The U.S. government may properly share information collected during an investigation when authorized by statute or by a court. It is quite possible (indeed, if public reports are to be credited, highly likely) that the special counsel has already shared relevant investigative information regarding possible criminal violations of New York State law with the attorney general of New York. No action by the federal government could limit that state official, nor could any action prevent him from continuing the investigation. To be sure, not all of the matters under investigation by the special counsel are also potential violations of state law—but many of them appear to be.
And what about Rosenstein? What if he is fired, but Mueller is not? The idea here, of course, is that someone who replaced Rosenstein and is more loyal to Trump might limit the special counsel’s investigation—might, for example, tell him that he could no longer look at the financial records of the Trump Organization or might order him to stop all inquiries into the Trump Tower meeting between the Trump campaign and purported agents of the Russian government. This would be an effort to control the Mueller investigation indirectly, without actually firing him—and it might be that some would judge firing Rosenstein less politically tumultuous than firing Mueller himself.
But even this is not likely to be as effective as the president would think. To see why, we have to unpack the situation a bit. It is complicated by the fact that today Rosenstein is actually wearing two hats—one as deputy attorney general and one as acting attorney general.
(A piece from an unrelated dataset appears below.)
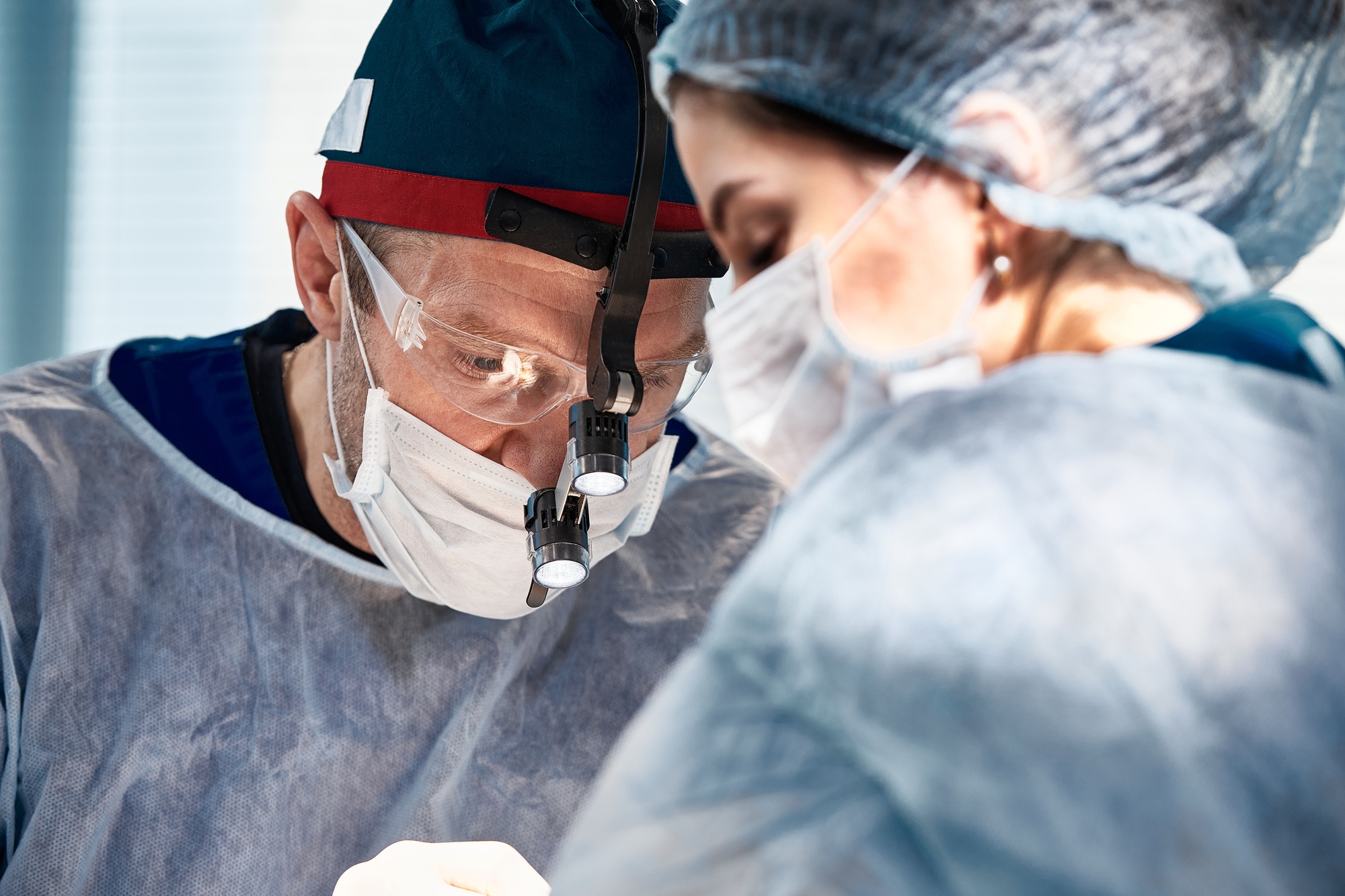 Surgeons men and women during an operation on the operating table, doctors in modern equipment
As the deputy, Rosenstein has certain institutional powers over all criminal investigations (for instance, the deputy can approve searches of an attorney’s office). Those institutional powers would go to whomever became acting deputy attorney general. If Trump did not appoint someone to replace Rosenstein on an acting basis, that role would fall to Rosenstein’s principal associate (a man named Edward O’Callaghan). Or, the president could name his own acting deputy if he wished.
But … and this is important … even if Trump were to appoint a loyalist to replace Rosenstein as acting deputy attorney general, until that person were confirmed by the Senate, he or she would not actually be the deputy. As a result, he or she could not be the acting attorney general for purposes of supervising the Mueller investigation. The acting attorney general can only be someone who has been appointed to and confirmed in a position of leadership by the Senate. To put it colloquially, there are no “double acting” appointments allowed.
And so, if Rosenstein were to be fired, the job of acting attorney general, and supervision over the Mueller investigation, would fall to the next in line of senatorially confirmed DOJ appointees. Normally that would be the Justice Department’s number three—the associate attorney general—but that post is currently vacant because the incumbent, Rachel Brand, left earlier this year. So the acting attorney general would be the number four in the Justice Department—the solicitor general, Noel Francisco. And there is no reason to think that Francisco (whom, full disclosure, I know slightly) would do the job any differently than Rosenstein has been doing it—with integrity and to the best of his ability. Thus, the firing of Rosenstein would appear to have little or no prospect of affecting Mueller in the slightest.
In short, firing Rosenstein or Mueller would be a mistake (larger probably than that of firing then-FBI Director James Comey). It would come at severe political cost to the president and, quite likely, have relatively little actual effect on the current investigation. That prospect would dissuade any rational decision-maker. We shall see if it dissuades the president from a rash decision.